HPCC-30365 Add XRef Sasha service to K8s #19639

jackdelv · 2025-03-19T13:20:30Z

Type of change:

This change is a bug fix (non-breaking change which fixes an issue).
This change is a new feature (non-breaking change which adds functionality).
This change improves the code (refactor or other change that does not change the functionality)
This change fixes warnings (the fix does not alter the functionality or the generated code)
This change is a breaking change (fix or feature that will cause existing behavior to change).
This change alters the query API (existing queries will have to be recompiled)

Checklist:

Smoketest:

Send notifications about my Pull Request position in Smoketest queue.
Test my draft Pull Request.

Testing:

- expandMask wasn't taking stripeNum and dirPerPart into account when creating the physical file name from the part mask - scanDirectory was calling itselg recursively on the dirPerPart directories causing files parts to be under different cDirDesc which prevented them from being logged as found.

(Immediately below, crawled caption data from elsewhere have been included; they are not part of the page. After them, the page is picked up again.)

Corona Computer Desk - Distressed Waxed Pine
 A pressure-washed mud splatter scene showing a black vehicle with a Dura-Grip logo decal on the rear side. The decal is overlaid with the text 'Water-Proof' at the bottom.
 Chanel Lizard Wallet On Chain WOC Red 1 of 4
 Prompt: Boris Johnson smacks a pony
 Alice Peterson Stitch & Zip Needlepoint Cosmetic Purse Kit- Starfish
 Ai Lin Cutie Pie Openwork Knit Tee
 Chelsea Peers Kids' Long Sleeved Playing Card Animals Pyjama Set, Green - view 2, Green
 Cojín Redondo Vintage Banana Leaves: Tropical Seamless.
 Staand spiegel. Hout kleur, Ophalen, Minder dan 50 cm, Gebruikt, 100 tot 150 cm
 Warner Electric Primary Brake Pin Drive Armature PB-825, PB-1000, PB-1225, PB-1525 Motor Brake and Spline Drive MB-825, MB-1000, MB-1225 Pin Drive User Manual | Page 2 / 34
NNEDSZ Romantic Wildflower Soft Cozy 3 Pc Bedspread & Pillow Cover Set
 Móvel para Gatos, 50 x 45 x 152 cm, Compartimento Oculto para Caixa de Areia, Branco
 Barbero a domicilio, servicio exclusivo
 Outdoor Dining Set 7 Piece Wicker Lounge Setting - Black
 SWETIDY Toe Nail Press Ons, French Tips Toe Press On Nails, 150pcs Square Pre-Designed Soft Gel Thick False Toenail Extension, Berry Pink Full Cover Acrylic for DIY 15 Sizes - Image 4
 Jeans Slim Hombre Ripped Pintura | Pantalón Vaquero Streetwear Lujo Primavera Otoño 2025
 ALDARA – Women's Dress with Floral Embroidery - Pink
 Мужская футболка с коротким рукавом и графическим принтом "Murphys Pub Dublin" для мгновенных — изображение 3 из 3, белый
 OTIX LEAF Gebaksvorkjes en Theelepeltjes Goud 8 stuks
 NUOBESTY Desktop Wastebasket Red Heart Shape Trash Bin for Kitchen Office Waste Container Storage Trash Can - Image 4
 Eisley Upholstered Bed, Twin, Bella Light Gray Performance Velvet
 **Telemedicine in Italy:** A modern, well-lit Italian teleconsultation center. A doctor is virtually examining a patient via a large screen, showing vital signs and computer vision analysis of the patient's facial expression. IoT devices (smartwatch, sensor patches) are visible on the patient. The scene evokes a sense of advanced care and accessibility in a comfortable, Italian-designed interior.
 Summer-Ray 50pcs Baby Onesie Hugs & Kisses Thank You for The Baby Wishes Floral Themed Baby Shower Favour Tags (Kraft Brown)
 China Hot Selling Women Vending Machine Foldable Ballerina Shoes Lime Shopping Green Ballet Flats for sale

github-actions · 2025-03-19T13:20:48Z

Jira Issue: https://hpccsystems.atlassian.net//browse/HPCC-30365

Jirabot Action Result:
Workflow Transition To: Merge Pending
Additional PR: #19639

jakesmith

@jackdelv - I think changes look logical, but there are various problems with the changes to expandMask.
Could do with some unittests added to prove for various input it is creating the expected output.

jakesmith · 2025-03-20T09:21:32Z

dali/base/dautils.cpp

@@ -3890,6 +3890,7 @@ extern da_decl void parseFileName(const char *name,StringBuffer &mname,unsigned
                        mname.append(s);
                    num = pn;
                    max = mn;
+                    break;


this change looks sensible, but what was happening before this change was made?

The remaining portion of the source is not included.